Model Detail

This code snippet sets up a neural network model using Keras (a NN API for Tensorflow and some other ML platforms)

model = Sequential()
model.add(Dense(128, input_dim=len(sensor_columns), activation='relu', kernel_regularizer='l2'))
model.add(Dropout(0.3))
model.add(Dense(64, activation='relu', kernel_regularizer='l2'))
model.add(Dense(len(np.unique(y)), activation='softmax'))
model.compile(loss='sparse_categorical_crossentropy', optimizer='adam', metrics=['accuracy'])

(This is an excerpt, for a breakdown of the full python environment, see: Machine Learning Pipeline )

Line by line discussion

Building the model

model = Sequential()

This line initializes a new sequential model. In Keras, a Sequential model is a linear stack of layers. It's called sequential because it allows you to build the models layer after layer.
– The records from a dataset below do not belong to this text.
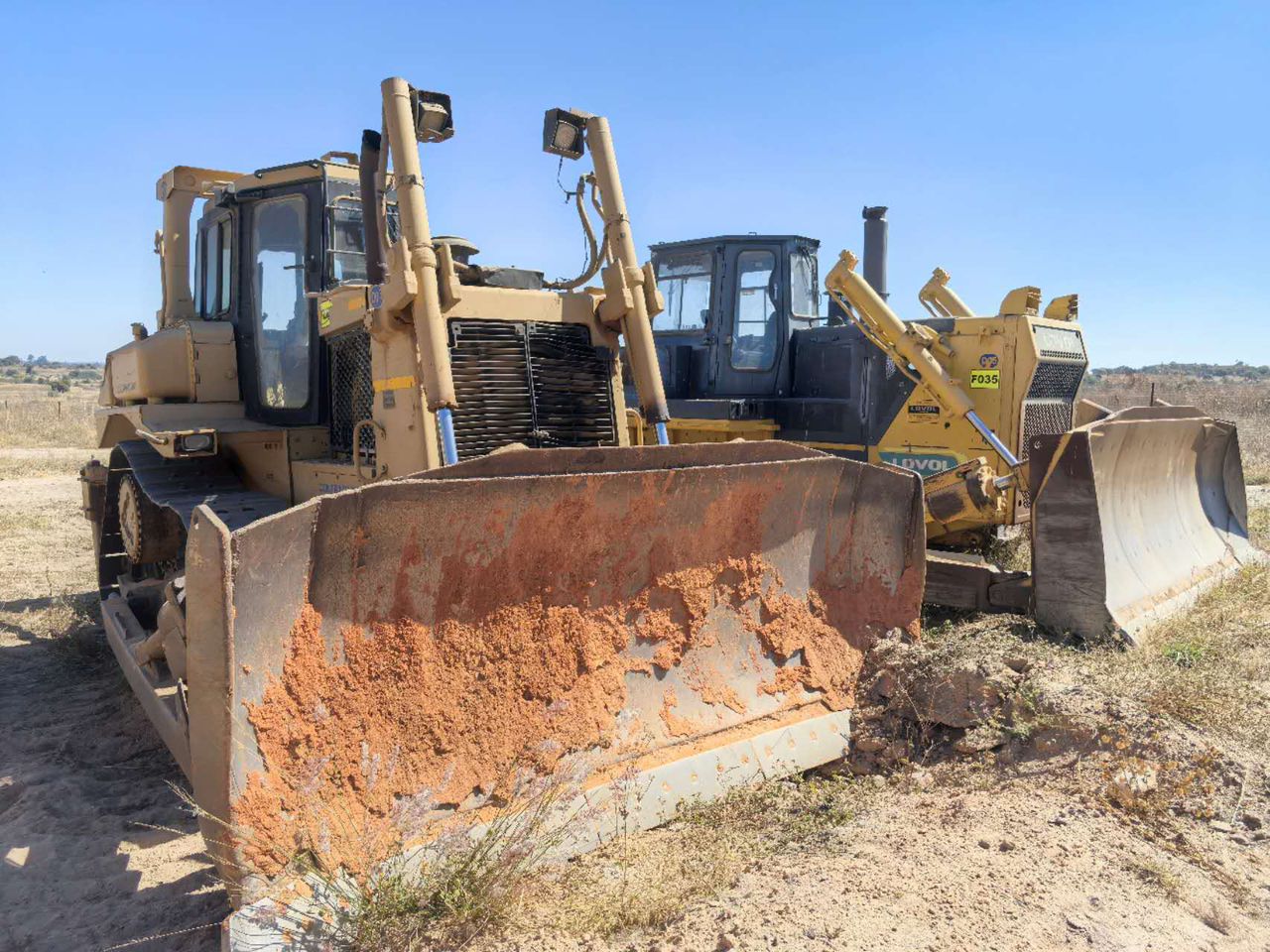 Heavy bulldozers at construction site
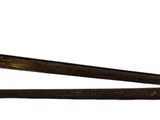 a large knife that is sitting on top of a wooden pole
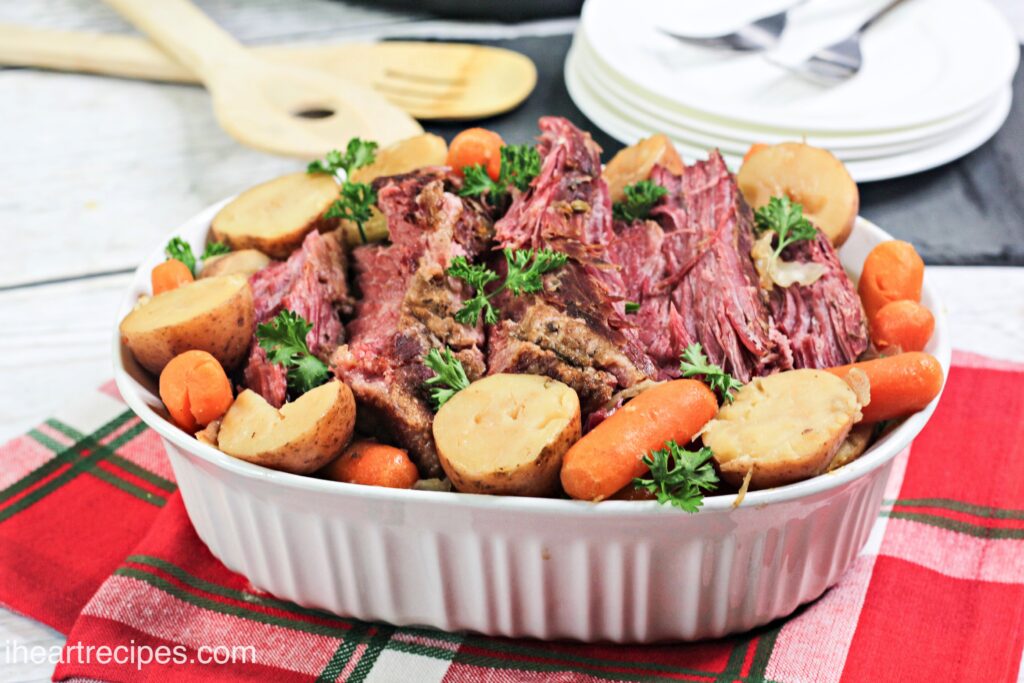 A large casserole dish is filled with sliced corned beef brisket surrounded by halved potatoes and baby carrots.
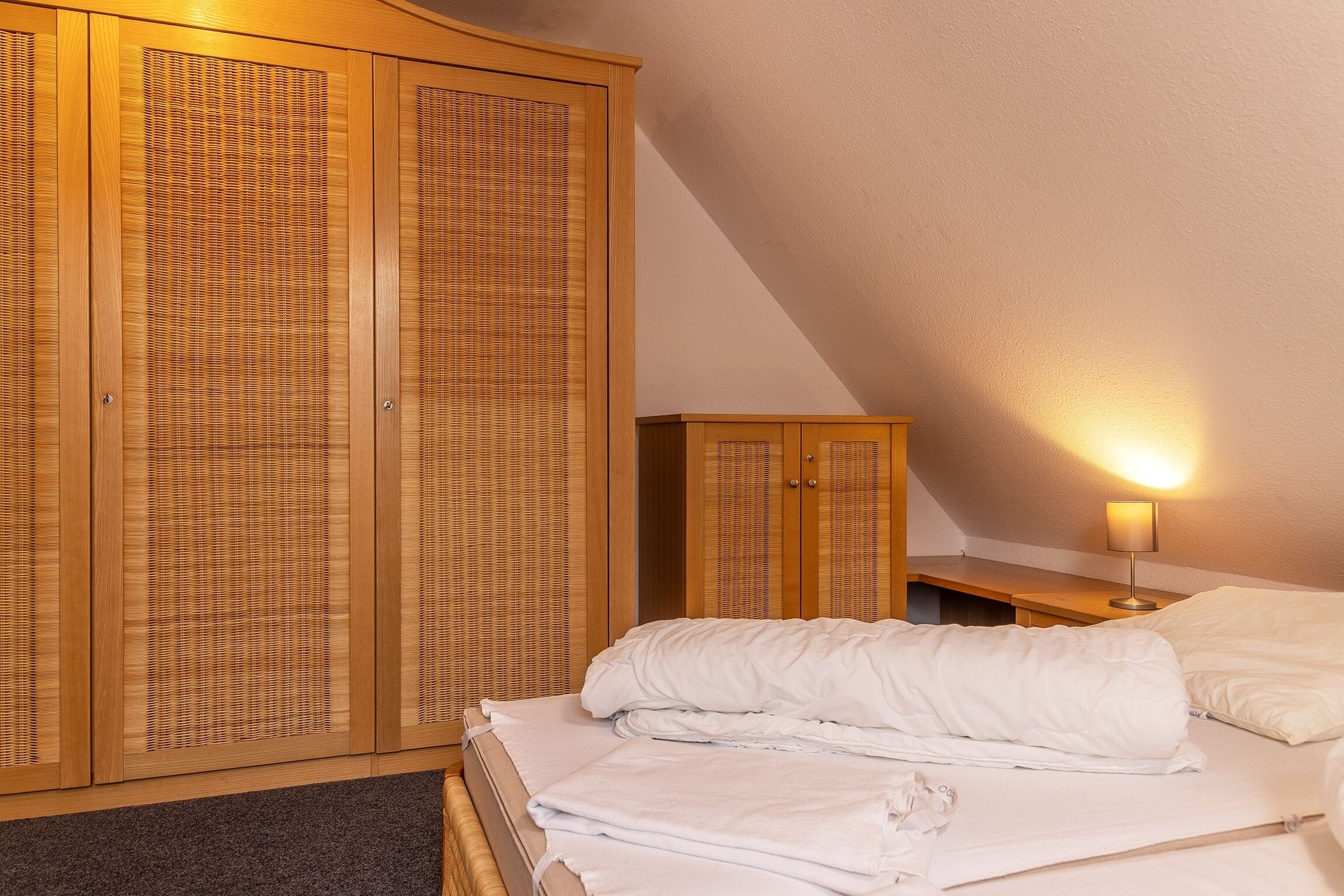 A bedroom with a bed, a wooden wardrobe, and a bedside table with a lamp.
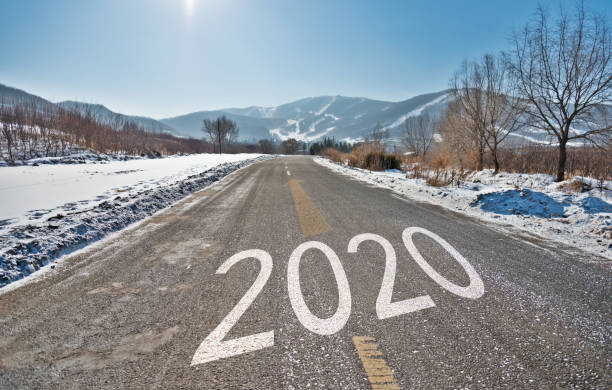 istock Number 2020 on winter asphalt road 1150192880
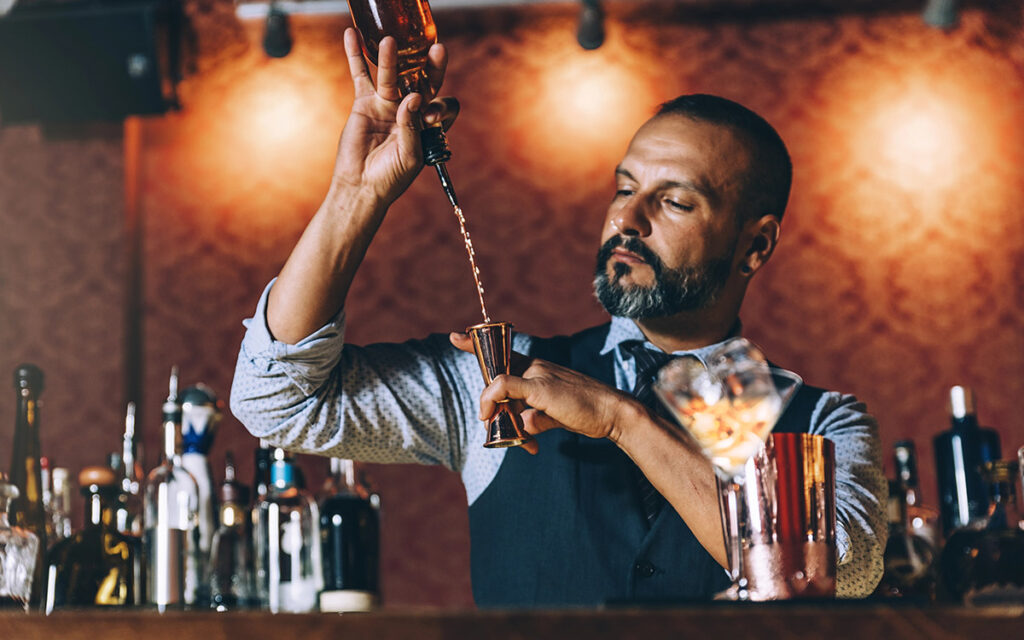 mixologist working on cocktails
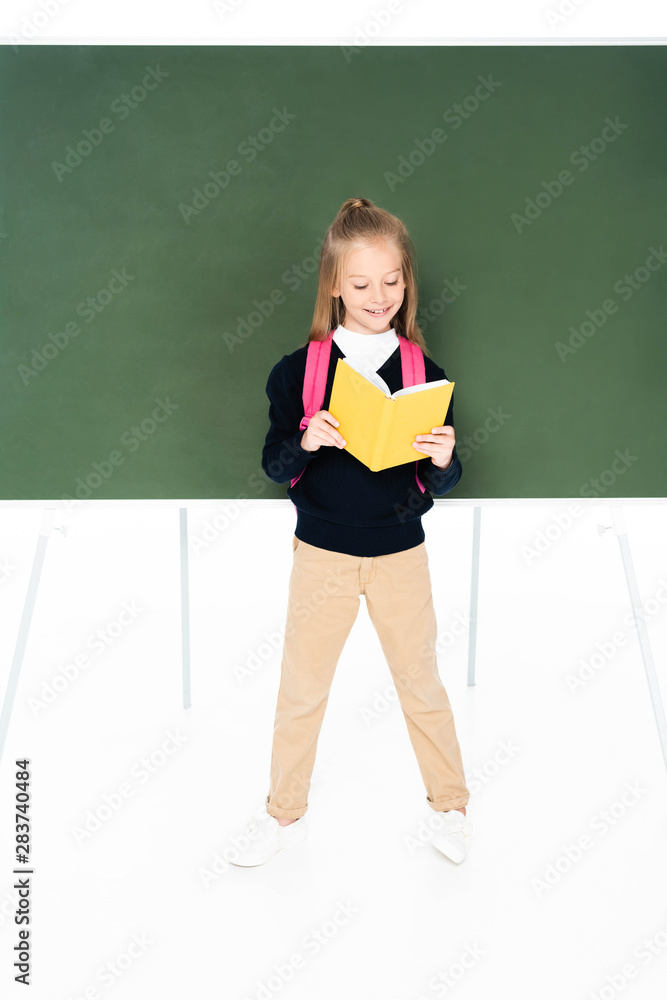 full length view of schoolgirl reading book while standing near green chalkboard on white background full length view of schoolgirl reading book while standing near green chalkboard on white background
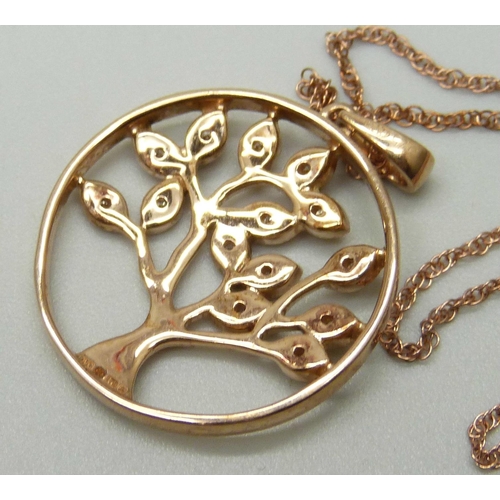 1034 - A 9ct rose gold pendant with tree of life design set with fourteen small diamonds, on a 9ct rose gol... 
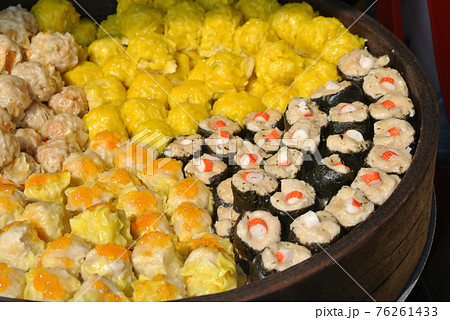 Dim Sum with miscilinous taste in wooden steam cooker. Dim Sum is one of the famous Chinese food. It is cooked by steamed with a high temperature.  76261433
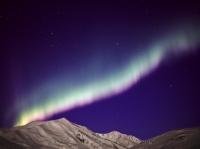 Colorful Aurora borealis, better known as Northern Lights, dancing above lit up mountains  of the Brooks Range during a full moon night with many stars in the sky, Alaska. USA.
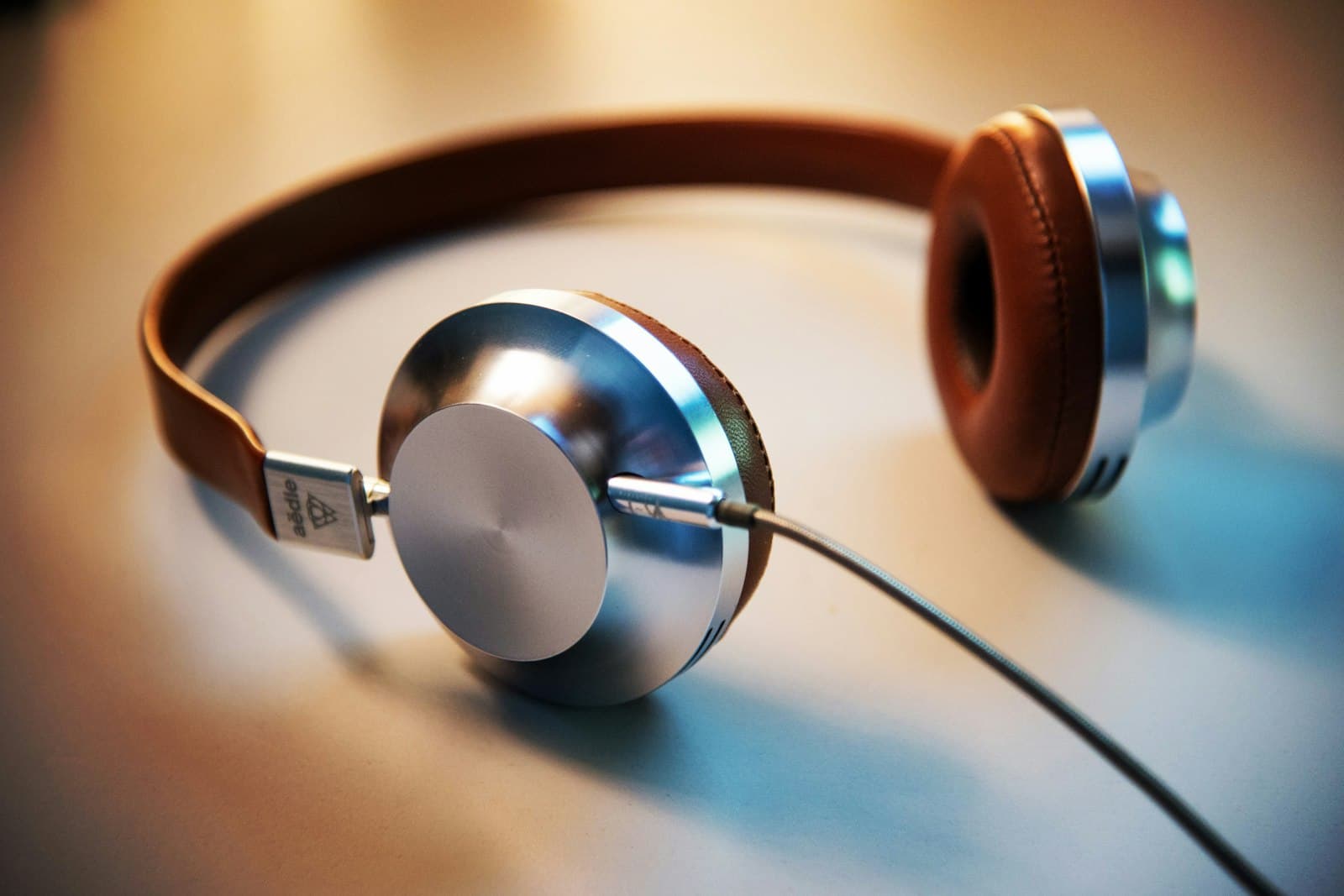 Close view of wireless earbuds resting beside a smartphone on a desk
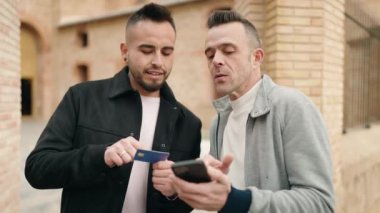 Sokakta akıllı telefon ve kredi kartı kullanan genç çift.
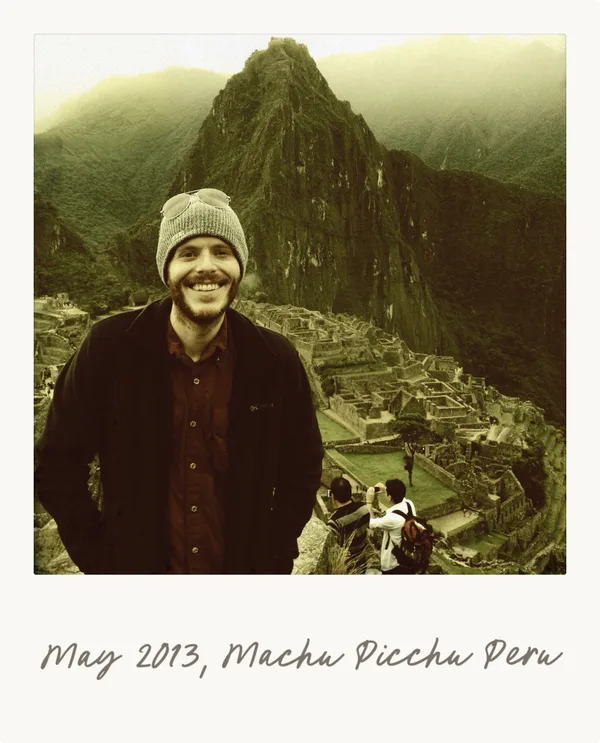 Chris smiling in front of the Taj Mahal during his year of solo backpacking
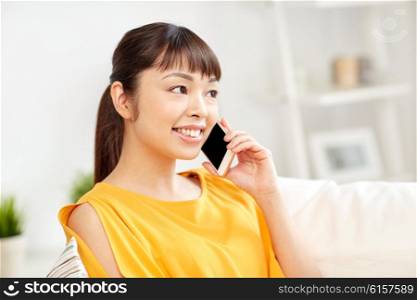 people, technology, communication and leisure concept - happy young asian woman calling on smartphone at home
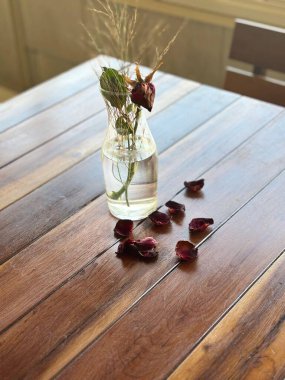 Kurumuş çiçek dalları ve desenli ahşap masaya saçılmış gül yaprakları olan hassas cam bir vazo. Yumuşak ışıklandırma, kompozisyonun sade ve sakin güzelliğini vurguluyor. Huzur ve nostalji uyandırıyor..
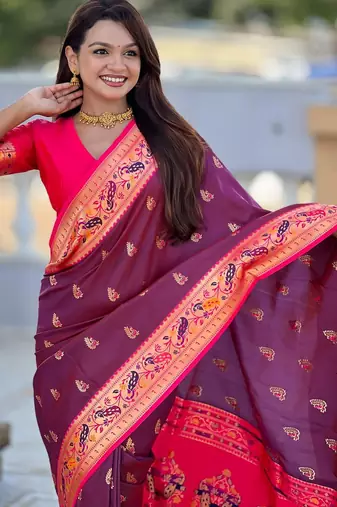 Wine elegant art silk woven saree with rich zari border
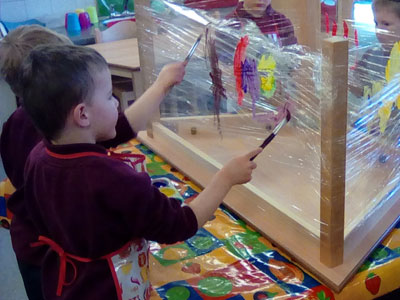 Children painting in playgroup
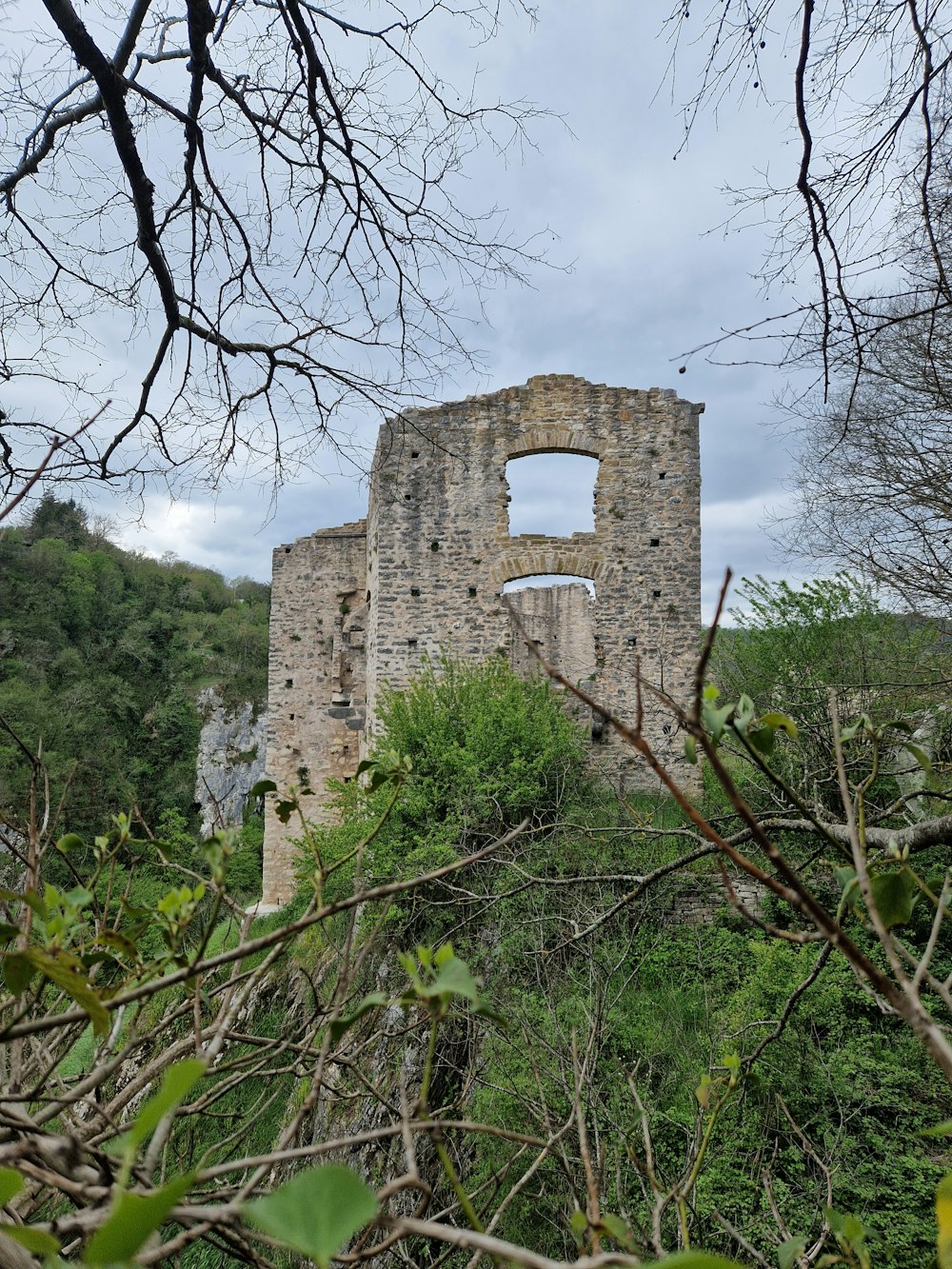 a stone building sitting on top of a lush green forest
model.add(Dense(128, input_dim=len(sensor_columns), activation='relu', kernel_regularizer='l2'))
  • model.add(): This method adds a layer to the model.
  • Dense(128, ...): This is adding a densely-connected (also known as fully connected) neural network layer. The 128 indicates that this layer will have 128 neurons.
  • input_dim=len(sensor_columns): This is the size of the input layer (the number of input neurons), which must be the same as the number of features in the dataset. In our case, it is 12, because there are 12 capacitive touch channels on the touch sensing board.
  • activation='relu': This is the activation function for the layer. relu stands for rectified linear unit- commonly used in neural networks. It is defined as $f(x)=max(0,x)$.
  • kernel_regularizer='l2': This parameter is applying L2 regularization; this helps prevent the model from overfitting by penalizing large weights. L2 regularization will add a penalty equal to the square of the magnitude of coefficients.
model.add(Dropout(0.3))
  • Dropout(0.3): This layer randomly sets a fraction 0.3 of input units to 0 at each update during training to help prevent overfitting. (The specific parameter here (0.3) means 30% of the neurons will be dropped out per training update.)
model.add(Dense(len(np.unique(y)), activation='softmax'))
  • Dense(len(np.unique(y)), ...): This is the output layer of the network. The number of neurons is equal to the number of unique classes in y (where y is the array of target labels.) This layer will output probabilities of the input being in each class.
  • activation='softmax': The softmax activation function, used here on the output layer, will convert the output into probability distribution over the target classes. The class with the highest probability will be the model's prediction.

Compiling

model.compile(loss='sparse_categorical_crossentropy', optimizer='adam', metrics=['accuracy'])
  • model.compile(): configures the model for training.
  • loss='sparse_categorical_crossentropy': This is the loss function used when the target classes are integers. It is a variant of categorical crossentropy that is more efficient when the targets are categorical.
  • optimizer='adam': Adam is an optimization algorithm that can be used instead of the classical stochastic gradient descent procedure to update network weights iteratively based on training data.
  • metrics=['accuracy']: This tells the model to evaluate its performance in terms of accuracy during training and testing. Accuracy is the fraction of predictions our model got right.

Summary

By the time all of this

model = Sequential()
model.add(Dense(128, input_dim=len(sensor_columns), activation='relu', kernel_regularizer='l2'))
model.add(Dropout(0.3))
model.add(Dense(64, activation='relu', kernel_regularizer='l2'))
model.add(Dense(len(np.unique(y)), activation='softmax'))
model.compile(loss='sparse_categorical_crossentropy', optimizer='adam', metrics=['accuracy'])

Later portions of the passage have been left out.